In order to make eye contact with the individuals in front of you, you have to know exactly what you’re saying. If you’re finding the right words as you go along, it’s physiologically impossible to look someone in the eyes at the same time. So there you have another good reason to prepare thoroughly and rehearse! Practise until you don’t have to think about how to express yourself but can concentrate completely on connecting with the people who’ve come to listen.
Don’t be afraid to look at each and every member of your audience. By all means start with the ones who are keen and attentive, but having the courage to connect with those who appear bored, or even hostile, can bring great rewards. In many cases, the stimulus of receiving your attention will be enough to (re)engage these people with what you’re talking about. And if someone totally disagrees with your argument, making eye contact with him or her shows confidence and authority on your part – and also suggests you take them seriously, which will help to prevent any antagonism becoming personal.
Genuine eye contact (as opposed to simply scanning across people’s eyes) gets the audience involved in your speech or presentation. Stay with one person long enough to give him or her a brief message, then move on randomly to someone else.

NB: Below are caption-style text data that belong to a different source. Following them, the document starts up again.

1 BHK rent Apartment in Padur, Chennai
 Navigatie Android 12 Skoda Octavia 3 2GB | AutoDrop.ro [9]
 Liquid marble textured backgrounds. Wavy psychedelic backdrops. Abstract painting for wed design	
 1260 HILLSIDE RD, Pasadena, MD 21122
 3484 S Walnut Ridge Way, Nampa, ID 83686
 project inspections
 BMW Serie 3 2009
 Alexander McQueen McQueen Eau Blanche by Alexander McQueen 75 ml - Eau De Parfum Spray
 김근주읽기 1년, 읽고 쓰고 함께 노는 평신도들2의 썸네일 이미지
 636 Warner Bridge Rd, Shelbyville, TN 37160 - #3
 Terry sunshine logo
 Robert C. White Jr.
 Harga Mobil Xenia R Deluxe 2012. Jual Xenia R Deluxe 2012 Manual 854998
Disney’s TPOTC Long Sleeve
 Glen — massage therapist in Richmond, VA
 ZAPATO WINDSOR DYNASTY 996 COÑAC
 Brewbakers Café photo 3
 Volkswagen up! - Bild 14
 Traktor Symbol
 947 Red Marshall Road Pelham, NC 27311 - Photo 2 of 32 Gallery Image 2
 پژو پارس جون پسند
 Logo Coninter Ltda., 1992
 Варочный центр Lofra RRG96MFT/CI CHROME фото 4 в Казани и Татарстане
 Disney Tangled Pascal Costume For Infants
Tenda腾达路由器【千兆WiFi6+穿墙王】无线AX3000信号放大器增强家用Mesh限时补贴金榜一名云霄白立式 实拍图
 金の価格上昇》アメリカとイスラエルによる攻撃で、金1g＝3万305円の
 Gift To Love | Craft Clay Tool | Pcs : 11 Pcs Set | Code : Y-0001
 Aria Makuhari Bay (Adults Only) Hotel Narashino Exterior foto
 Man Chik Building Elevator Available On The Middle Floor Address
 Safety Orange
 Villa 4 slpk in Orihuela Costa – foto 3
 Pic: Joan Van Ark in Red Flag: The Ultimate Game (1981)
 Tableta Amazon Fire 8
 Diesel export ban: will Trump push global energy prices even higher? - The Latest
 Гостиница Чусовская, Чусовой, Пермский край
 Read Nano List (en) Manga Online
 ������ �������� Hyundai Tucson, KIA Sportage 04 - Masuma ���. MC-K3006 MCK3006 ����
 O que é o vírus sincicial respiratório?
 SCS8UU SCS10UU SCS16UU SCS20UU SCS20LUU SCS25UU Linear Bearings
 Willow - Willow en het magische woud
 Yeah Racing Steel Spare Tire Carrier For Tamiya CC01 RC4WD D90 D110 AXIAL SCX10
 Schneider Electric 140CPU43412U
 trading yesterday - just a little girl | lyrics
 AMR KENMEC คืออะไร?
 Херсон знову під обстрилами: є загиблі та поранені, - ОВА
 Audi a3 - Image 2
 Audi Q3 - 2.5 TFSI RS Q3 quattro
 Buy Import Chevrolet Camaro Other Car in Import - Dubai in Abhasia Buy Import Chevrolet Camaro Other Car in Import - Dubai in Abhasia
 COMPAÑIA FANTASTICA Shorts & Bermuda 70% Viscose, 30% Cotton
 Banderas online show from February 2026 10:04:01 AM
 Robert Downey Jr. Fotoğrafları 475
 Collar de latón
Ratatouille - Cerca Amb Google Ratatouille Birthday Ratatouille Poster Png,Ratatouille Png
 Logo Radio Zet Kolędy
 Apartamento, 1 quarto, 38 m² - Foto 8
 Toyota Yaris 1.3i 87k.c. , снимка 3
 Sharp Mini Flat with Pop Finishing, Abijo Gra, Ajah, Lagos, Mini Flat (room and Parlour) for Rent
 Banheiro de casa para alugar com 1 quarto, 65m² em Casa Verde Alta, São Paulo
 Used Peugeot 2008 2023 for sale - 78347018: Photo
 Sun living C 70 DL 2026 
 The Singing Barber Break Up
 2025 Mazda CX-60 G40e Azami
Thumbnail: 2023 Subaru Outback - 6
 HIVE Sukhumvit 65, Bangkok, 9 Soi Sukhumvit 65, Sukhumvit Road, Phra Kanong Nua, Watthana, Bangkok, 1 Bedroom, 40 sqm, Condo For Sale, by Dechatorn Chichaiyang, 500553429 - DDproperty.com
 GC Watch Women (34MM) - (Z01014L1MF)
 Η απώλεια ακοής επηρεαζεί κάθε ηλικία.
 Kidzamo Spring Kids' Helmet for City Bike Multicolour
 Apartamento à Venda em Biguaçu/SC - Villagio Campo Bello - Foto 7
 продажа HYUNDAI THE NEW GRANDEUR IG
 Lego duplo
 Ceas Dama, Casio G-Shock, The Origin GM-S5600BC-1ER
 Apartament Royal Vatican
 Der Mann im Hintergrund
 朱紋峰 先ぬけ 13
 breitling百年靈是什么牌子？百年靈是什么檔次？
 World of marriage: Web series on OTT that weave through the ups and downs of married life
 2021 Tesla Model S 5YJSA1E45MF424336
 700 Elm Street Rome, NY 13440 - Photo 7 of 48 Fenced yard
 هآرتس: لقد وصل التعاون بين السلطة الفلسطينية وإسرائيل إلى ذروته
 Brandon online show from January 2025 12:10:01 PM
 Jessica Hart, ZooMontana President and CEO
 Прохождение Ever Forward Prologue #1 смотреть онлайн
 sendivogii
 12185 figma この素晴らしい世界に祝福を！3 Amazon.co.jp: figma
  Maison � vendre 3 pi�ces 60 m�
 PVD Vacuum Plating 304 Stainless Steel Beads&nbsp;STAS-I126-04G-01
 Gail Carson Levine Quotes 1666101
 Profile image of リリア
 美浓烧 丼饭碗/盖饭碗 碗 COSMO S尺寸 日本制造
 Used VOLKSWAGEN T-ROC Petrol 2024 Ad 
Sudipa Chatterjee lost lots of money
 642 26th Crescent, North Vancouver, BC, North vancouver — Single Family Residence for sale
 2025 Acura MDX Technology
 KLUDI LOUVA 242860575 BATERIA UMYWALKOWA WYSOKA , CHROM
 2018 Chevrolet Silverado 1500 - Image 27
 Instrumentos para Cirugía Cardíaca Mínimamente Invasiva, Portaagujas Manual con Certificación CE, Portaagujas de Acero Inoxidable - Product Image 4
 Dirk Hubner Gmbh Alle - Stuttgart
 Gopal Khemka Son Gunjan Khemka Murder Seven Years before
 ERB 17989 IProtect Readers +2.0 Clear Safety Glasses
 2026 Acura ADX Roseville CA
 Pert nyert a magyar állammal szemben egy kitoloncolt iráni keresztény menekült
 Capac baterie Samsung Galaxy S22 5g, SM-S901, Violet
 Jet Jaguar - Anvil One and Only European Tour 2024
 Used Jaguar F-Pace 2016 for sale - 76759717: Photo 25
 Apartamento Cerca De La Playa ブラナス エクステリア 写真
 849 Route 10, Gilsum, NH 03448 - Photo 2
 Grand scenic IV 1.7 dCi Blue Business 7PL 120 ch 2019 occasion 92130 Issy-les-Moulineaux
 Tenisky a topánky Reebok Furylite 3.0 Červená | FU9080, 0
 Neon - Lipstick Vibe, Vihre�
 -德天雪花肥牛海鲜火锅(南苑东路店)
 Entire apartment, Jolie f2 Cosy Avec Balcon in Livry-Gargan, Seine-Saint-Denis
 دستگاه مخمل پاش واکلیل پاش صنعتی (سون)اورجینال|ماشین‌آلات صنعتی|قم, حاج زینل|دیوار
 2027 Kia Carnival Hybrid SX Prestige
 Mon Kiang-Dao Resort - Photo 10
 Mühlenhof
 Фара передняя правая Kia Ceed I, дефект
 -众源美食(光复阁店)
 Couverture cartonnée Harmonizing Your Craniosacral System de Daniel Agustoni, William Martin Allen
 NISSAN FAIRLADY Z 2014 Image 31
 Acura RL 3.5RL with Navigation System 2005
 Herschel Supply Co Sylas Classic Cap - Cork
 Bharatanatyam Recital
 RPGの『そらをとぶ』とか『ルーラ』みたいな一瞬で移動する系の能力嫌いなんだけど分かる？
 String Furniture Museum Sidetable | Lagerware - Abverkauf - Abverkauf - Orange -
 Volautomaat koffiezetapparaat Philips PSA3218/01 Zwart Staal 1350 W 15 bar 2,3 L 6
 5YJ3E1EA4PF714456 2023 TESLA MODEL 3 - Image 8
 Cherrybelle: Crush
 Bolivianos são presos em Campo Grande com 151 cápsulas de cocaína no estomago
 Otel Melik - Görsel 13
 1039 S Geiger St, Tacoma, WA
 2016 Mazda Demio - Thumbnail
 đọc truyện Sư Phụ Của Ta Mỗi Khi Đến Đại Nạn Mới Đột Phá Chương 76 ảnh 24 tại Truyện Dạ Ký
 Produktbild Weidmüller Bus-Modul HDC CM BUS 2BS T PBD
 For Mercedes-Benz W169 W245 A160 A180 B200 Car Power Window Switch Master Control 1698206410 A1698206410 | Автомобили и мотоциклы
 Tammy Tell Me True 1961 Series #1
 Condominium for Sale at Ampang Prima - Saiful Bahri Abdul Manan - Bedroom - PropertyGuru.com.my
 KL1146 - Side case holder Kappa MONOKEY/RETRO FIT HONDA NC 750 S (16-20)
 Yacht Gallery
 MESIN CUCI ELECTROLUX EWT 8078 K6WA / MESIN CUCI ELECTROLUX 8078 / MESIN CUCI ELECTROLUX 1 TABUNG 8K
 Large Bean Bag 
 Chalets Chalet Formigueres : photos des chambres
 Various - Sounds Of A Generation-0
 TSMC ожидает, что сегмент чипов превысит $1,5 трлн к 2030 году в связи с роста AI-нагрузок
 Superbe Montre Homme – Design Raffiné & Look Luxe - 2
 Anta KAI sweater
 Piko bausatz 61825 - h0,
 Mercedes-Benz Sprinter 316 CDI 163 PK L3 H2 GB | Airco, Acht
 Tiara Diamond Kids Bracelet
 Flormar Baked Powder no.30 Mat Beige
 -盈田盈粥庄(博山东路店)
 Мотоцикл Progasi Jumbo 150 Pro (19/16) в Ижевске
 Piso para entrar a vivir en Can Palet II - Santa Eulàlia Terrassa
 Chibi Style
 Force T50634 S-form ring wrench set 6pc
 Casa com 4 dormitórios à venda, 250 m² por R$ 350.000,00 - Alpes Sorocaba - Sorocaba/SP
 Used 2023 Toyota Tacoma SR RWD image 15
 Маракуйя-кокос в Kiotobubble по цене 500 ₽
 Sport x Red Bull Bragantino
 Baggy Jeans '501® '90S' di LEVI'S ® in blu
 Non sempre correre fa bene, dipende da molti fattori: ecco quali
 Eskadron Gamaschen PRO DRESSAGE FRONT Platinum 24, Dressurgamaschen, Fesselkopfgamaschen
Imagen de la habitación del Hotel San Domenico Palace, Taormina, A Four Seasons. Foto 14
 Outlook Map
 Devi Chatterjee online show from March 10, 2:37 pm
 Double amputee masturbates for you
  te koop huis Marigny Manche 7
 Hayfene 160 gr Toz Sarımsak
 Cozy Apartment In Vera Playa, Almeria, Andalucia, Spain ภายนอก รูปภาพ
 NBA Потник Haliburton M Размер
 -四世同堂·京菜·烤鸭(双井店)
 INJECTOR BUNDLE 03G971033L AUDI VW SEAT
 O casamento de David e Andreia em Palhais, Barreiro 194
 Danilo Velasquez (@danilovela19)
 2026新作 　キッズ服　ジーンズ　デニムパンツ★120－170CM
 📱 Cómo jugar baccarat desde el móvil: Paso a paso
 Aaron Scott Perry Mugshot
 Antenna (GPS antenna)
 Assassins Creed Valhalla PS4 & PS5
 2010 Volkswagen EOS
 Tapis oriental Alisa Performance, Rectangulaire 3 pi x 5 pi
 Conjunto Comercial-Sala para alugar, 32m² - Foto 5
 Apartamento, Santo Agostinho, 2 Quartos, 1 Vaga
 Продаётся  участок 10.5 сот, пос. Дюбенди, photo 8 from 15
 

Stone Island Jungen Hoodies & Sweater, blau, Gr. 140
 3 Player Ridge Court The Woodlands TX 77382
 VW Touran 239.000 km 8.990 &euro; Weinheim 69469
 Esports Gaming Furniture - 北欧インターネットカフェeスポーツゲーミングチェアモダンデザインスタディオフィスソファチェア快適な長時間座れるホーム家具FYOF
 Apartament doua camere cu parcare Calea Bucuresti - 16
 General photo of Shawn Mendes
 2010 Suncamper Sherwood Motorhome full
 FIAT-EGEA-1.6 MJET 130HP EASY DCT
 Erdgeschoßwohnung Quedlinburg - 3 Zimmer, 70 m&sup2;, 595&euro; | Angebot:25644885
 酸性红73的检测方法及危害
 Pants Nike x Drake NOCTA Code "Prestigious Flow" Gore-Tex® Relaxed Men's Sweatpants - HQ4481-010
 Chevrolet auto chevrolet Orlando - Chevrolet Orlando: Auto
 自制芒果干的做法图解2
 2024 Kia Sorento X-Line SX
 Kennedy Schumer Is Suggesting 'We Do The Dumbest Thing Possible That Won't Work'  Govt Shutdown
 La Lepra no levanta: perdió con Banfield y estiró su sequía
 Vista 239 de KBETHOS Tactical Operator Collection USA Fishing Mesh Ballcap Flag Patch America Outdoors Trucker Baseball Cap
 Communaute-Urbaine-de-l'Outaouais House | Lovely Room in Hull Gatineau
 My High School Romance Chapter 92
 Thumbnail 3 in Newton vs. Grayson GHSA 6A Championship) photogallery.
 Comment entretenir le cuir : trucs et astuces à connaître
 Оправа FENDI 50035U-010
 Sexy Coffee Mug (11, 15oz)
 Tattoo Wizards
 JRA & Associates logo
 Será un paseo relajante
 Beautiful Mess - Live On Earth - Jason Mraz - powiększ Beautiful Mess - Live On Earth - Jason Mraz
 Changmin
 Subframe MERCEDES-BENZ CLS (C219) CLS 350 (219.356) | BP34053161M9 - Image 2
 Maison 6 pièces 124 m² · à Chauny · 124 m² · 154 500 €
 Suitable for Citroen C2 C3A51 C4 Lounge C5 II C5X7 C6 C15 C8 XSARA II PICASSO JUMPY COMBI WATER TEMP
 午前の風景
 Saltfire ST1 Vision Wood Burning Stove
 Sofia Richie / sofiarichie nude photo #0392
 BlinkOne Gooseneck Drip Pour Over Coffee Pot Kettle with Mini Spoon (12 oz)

Some public speakers seem to think eye contact is an option extra or that people can’t tell whether the speaker is actually looking at them or not. Let me assure you, people can absolutely tell! Eye contact makes the same difference in public speaking as it does in private speaking, reinforcing the message and giving the listeners a stake in what’s happening. Instead of just saying your piece into the space, communicate with the people in front of you.